## DATASET EXCERPTS

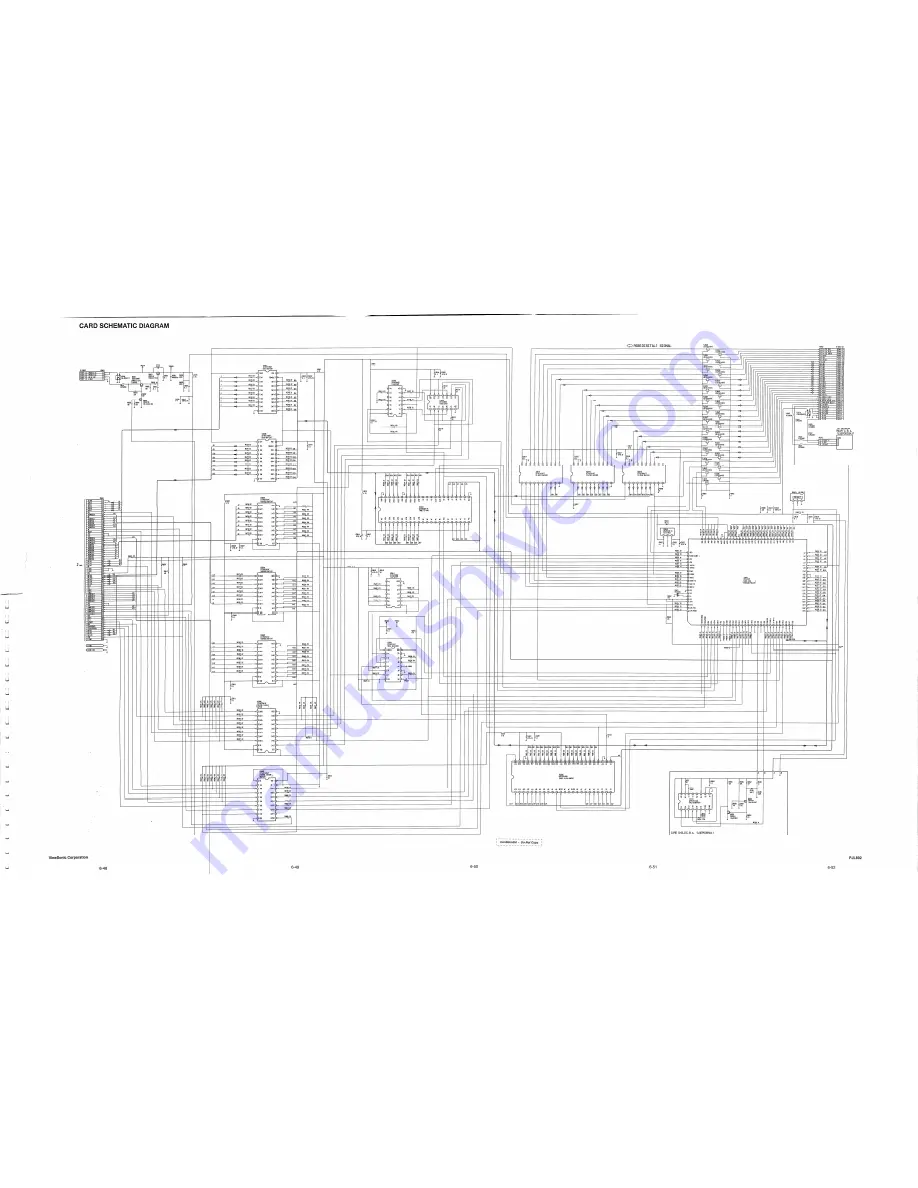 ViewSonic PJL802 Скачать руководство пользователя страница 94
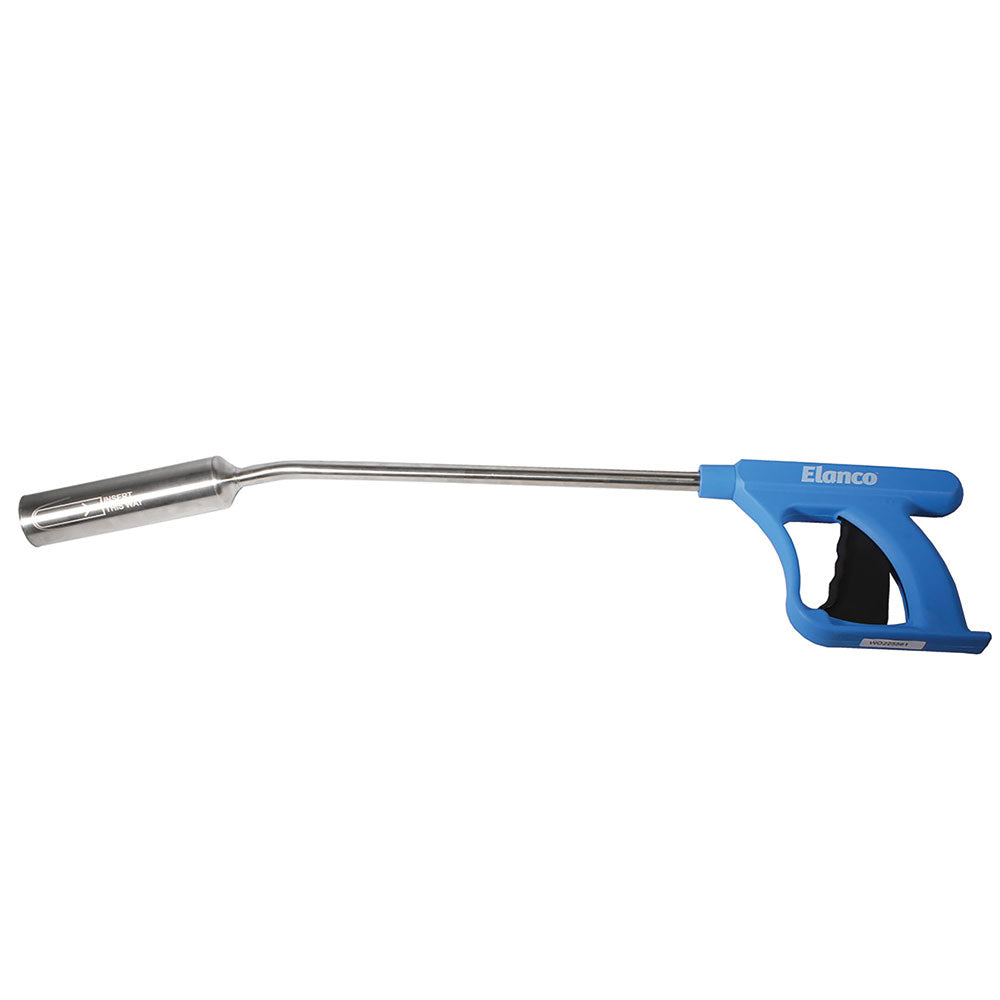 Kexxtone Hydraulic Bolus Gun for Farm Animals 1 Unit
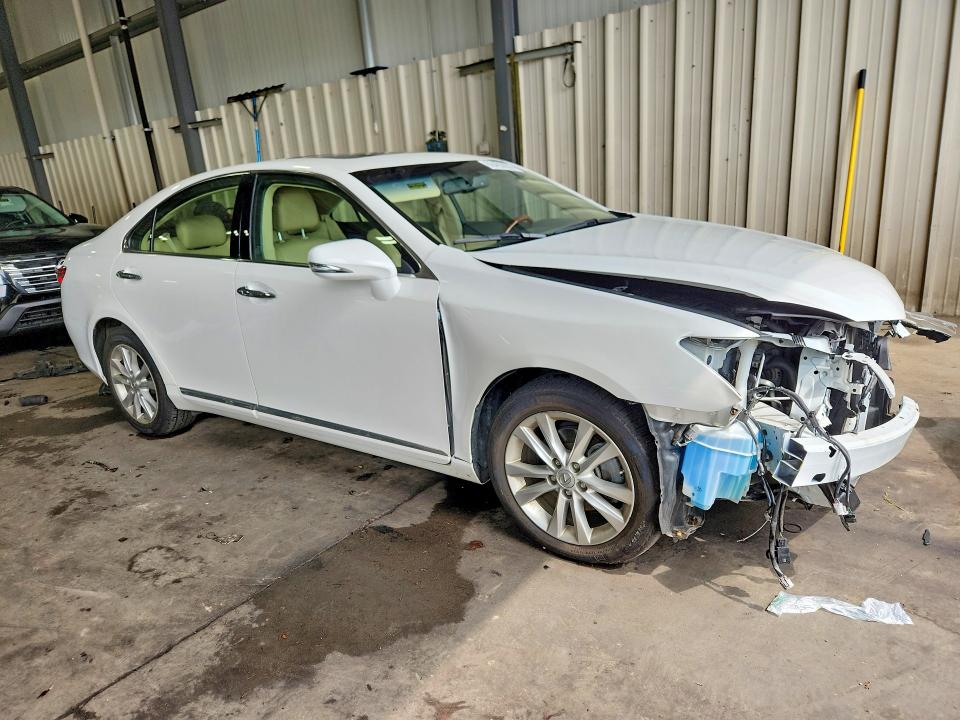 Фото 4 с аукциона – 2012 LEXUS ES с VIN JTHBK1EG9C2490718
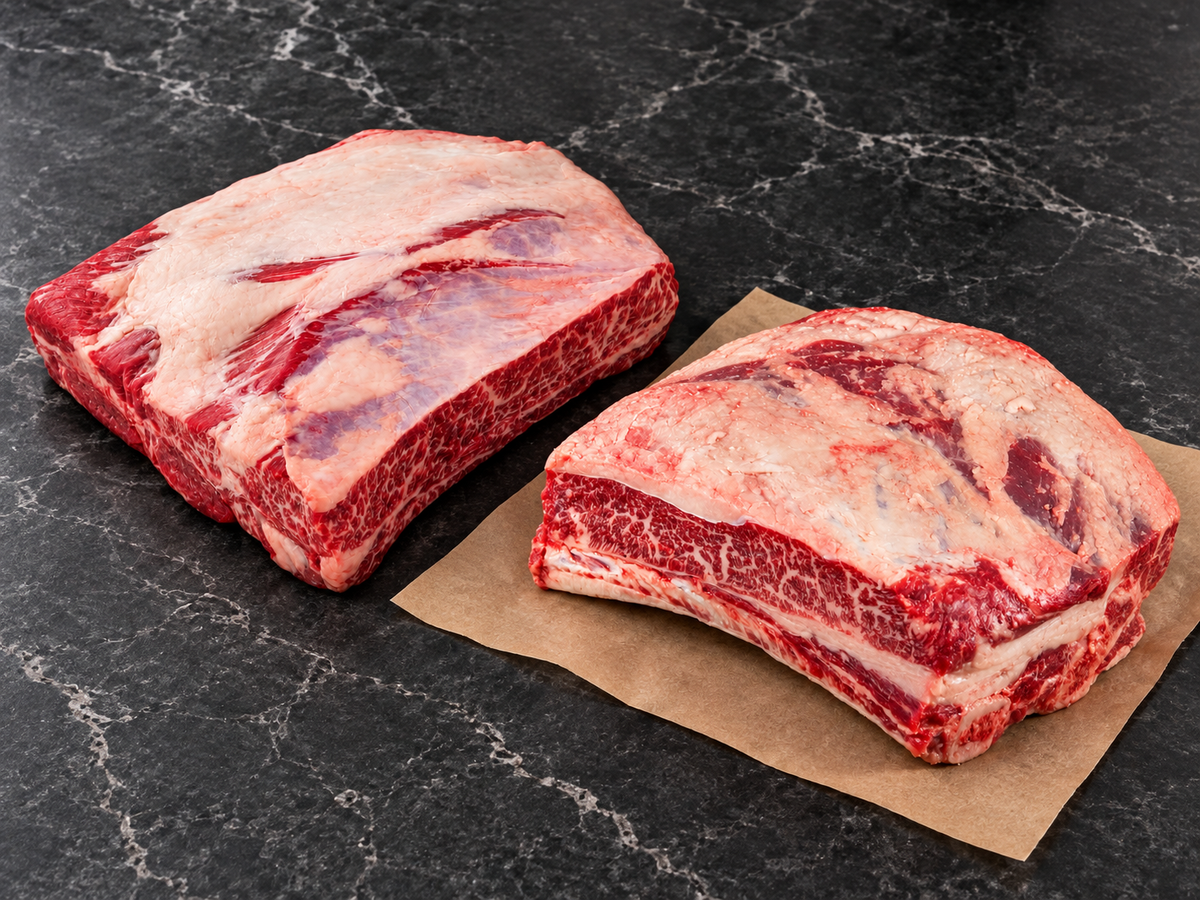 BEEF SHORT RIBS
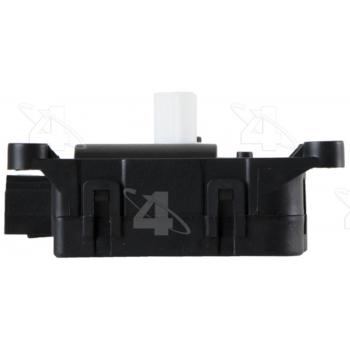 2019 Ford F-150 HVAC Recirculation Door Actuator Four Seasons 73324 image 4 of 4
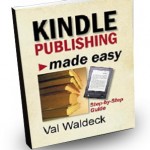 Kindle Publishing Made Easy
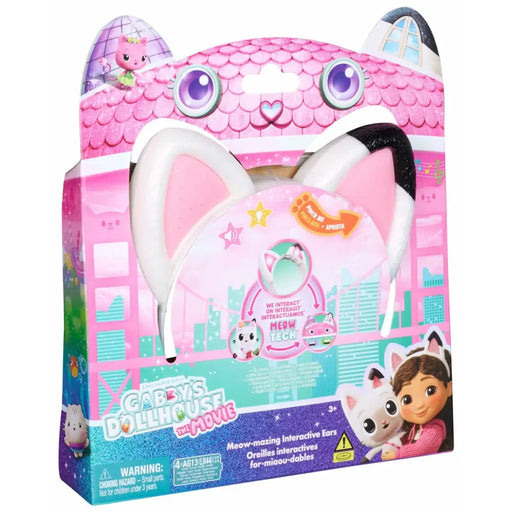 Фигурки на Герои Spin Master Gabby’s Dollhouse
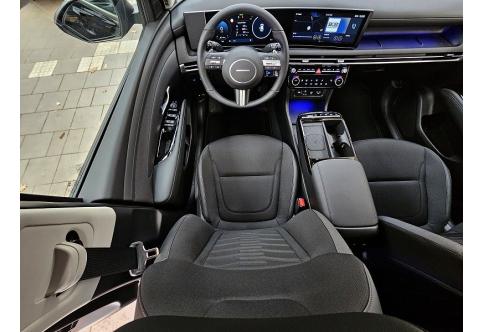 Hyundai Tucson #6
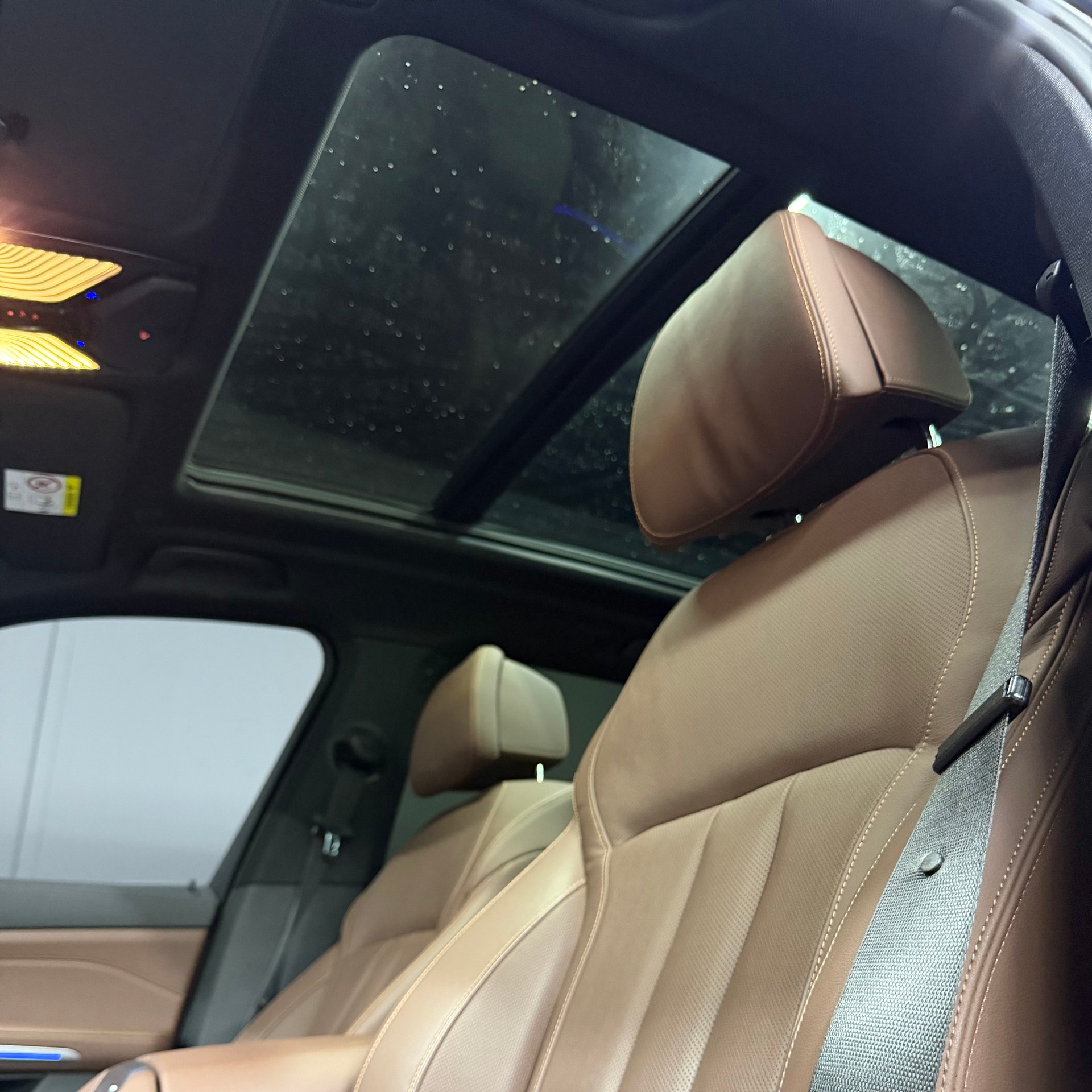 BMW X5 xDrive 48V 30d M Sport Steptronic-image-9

## TASK GOAL
All of the data above needs to be retyped exactly, with the pictures removed.

## TASK RESPONSE
 ViewSonic PJL802 Скачать руководство пользователя страница 94
 Kexxtone Hydraulic Bolus Gun for Farm Animals 1 Unit
 Фото 4 с аукциона – 2012 LEXUS ES с VIN JTHBK1EG9C2490718
 BEEF SHORT RIBS
 2019 Ford F-150 HVAC Recirculation Door Actuator Four Seasons 73324 image 4 of 4
 Kindle Publishing Made Easy
 Фигурки на Герои Spin Master Gabby’s Dollhouse
 Hyundai Tucson #6
 BMW X5 xDrive 48V 30d M Sport Steptronic-image-9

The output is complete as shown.